> [Dataset section]:
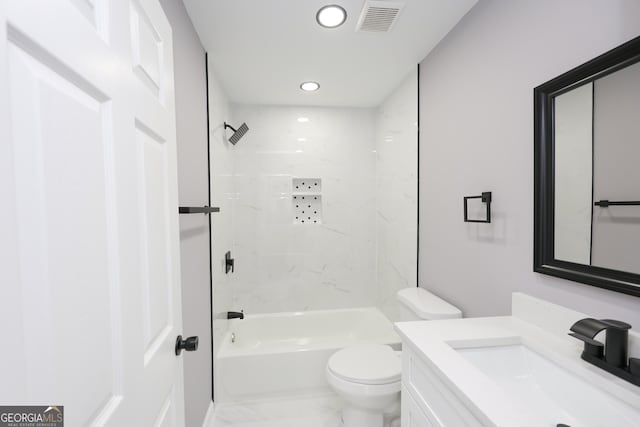 938 Motley St, Lagrange, GA 30241 - full bath with shower / tub combination, visible vents, toilet, recessed lighting, and vanity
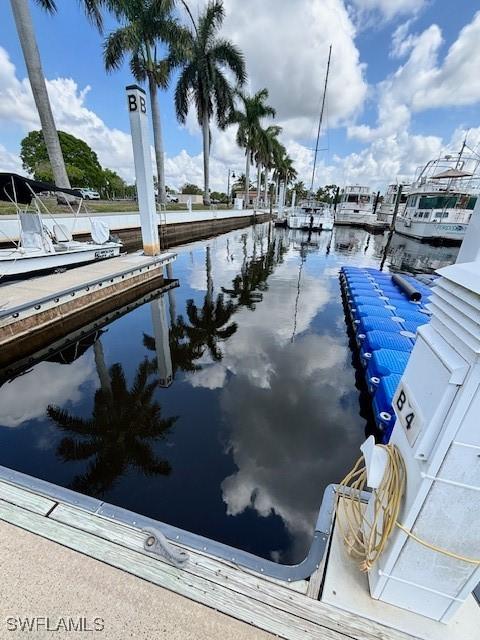 525 Newport Dr., Naples, FL 34114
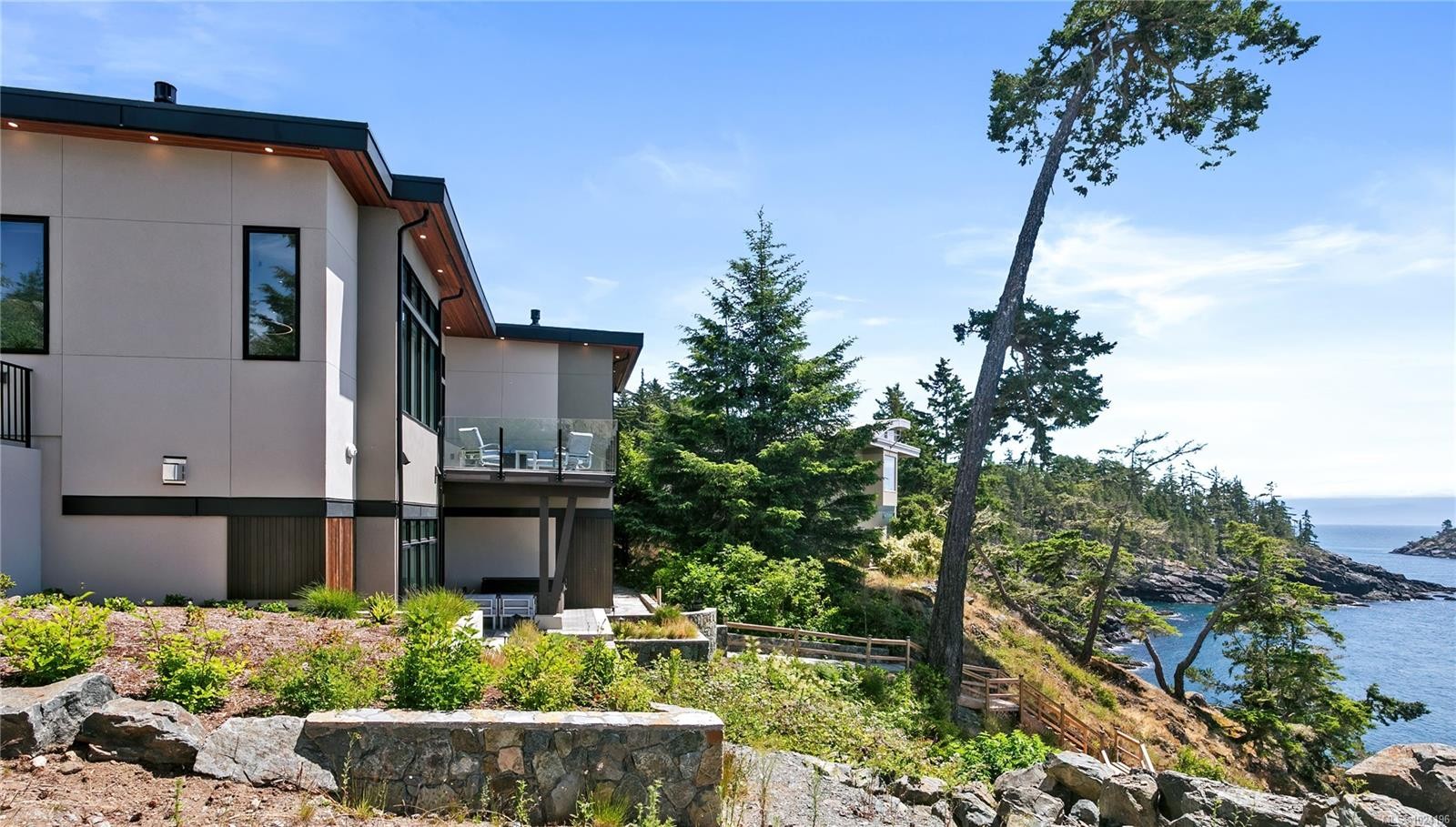 7510 Ocean Park Pl, Sooke, BC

> [Work request]:
A word-for-word restatement of all the lines above is needed, with the pictures omitted.

> [Your solution]:
 938 Motley St, Lagrange, GA 30241 - full bath with shower / tub combination, visible vents, toilet, recessed lighting, and vanity
 525 Newport Dr., Naples, FL 34114
 7510 Ocean Park Pl, Sooke, BC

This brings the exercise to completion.